The DHS Program User Forum
Discussions regarding The DHS Program data and results
Home » Topics » Child Health » merging HR and KR files and weighitng for analysis
merging HR and KR files and weighitng for analysis [message #26998] Thu, 08 June 2023 02:49 Go to next message
ashonci is currently offline  ashonci
Messages: 4
Registered: June 2023
Member
Hi, I am doing my MSc project using Rwanda 2019-2020 DHS data.
I am trying to analyze the association household air pollution from cooking (cooking fuel type and cooking place) and smoking inside (table 2.3 in the final report) and low birth weight (LBW) in Rwanda (table 10.1 in the final report). I also plan to examine the prevalence of LBW according to child factor (birth order of baby), maternal factor (age at birth, smoking status, education level) and socio-demographic factors (place of residence, province, wealth quintile) (table 10.1 in the final report). I will use HR files for household characteristics (primary exposures) and KR files for LBW (outcome) and co-variables.

1) I selected recode number for each variable.
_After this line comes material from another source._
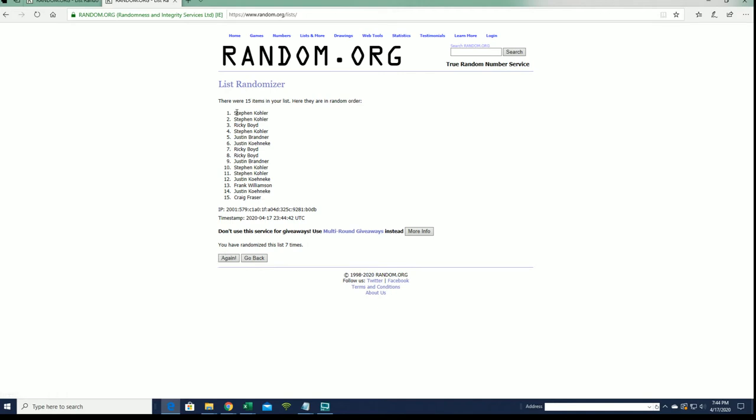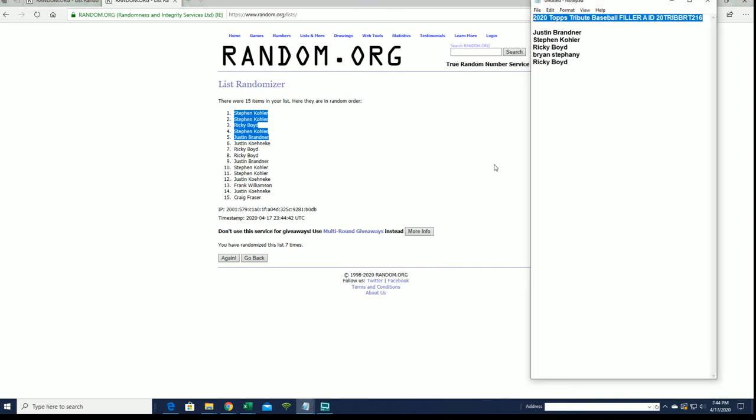All right, Steven K. You got two there - Ricky B, Stephen K and Justin B. Wow, Steven K is a savage. You're a savage man hitting three of five there.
Could you check whether they are correct?
-Outcome: LBW (m19)
-Primary exposures: cooking fuel type (hv226) , cooking place (hv241), smoking inside (hv252)
-co-variables: birth order of baby (BORD), mother's age at birth (v013), smoking status (v463 a~z), education level (v106) and place of residence (v025), province (v024), wealth quintile (v190)

2) I chose to use KR file for the outcome and co-variables since table 10.1 in the final report represents the percent distribution of LIVE BIRTHS IN THE 5YEARS PRECEDING THE SURVEY.
However, I was wondering whether it is correct to use KR file or IR file. I wasn't sure because the total number of women are different. The total number for KR file is 8,092 (unweighted) and 14,634 for IR file. I was wondering the basis should be KR file or IR file. Can you give me an advice for it?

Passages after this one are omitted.